The KMHA is under the umbrella of the Kamloops Blazers junior hockey organization and is made up of teams from the initiation on ice age level through novice, atom recreational peewee, midget and bantam age levels. “There is a (sizable) population in Kamloops and there are enough players to have 10 to 12 local teams just in the midget division alone,” said Ms. Thibeault.

“Our oldest son just turned 18 and Richard has coached him since initiation level all the way up to midget. We also have two sons, both under 12 years of age, who play in the Development Hockey League (peewee division) and Richard coaches that team as well. That team is a travelling team and every weekend we travel with them. He is passionate for hockey and likes to share his knowledge.”

“One of the kids he coached this year he has coached since he was eight years old. Richard can talk to the kid or any of his players about anything—he likes to help them out,” said Ms.

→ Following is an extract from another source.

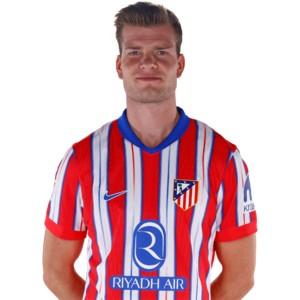 Alexander Sorloth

Thibeault. “Richard feels it is not just about developing good hockey players but to be good people as well.”

“Our midget team won the league championship for the second year in a row this season,” said Mr. Thibault, who also noted he “plays hockey three times a week.”

Coaching hockey is more than about the game, said Mr. Thibault. He explained, “hockey is the medium for teaching kids things like values, commitment, dedication and helping others. It is a mechanism to teach about life. It is not really about hockey.”

“I get notes from parents thanking me for coaching their kids, it is my way of giving back and I enjoy it all; probably as much as the players.”

Ms. Thibeault noted her husband, “is pretty humble. He told me he had won the coach of the year award but he didn’t share this information with his friends, until it came out on the KMHA website. He’s pretty quiet about the whole thing.”

“His dad will live on in him forever, he has given a lot to our kids, the community and the kids he coaches,” added Ms. Thibeault. 

Mr. and Ms. Thibeault were high school sweethearts at Manitoulin Secondary School while growing up and after both finishing school, “we moved here (Kamloops) in 1995. We both finished university and got in the car and since Richard had a job in Kamloops we moved out here. We have met and become friends with a  lot of people originally from Sudbury, and by getting involved in baseball and hockey, it is the best way to make friends.”

“If I didn’t coach and help  out I wouldn’t know what to do,” added Mr. Thibault.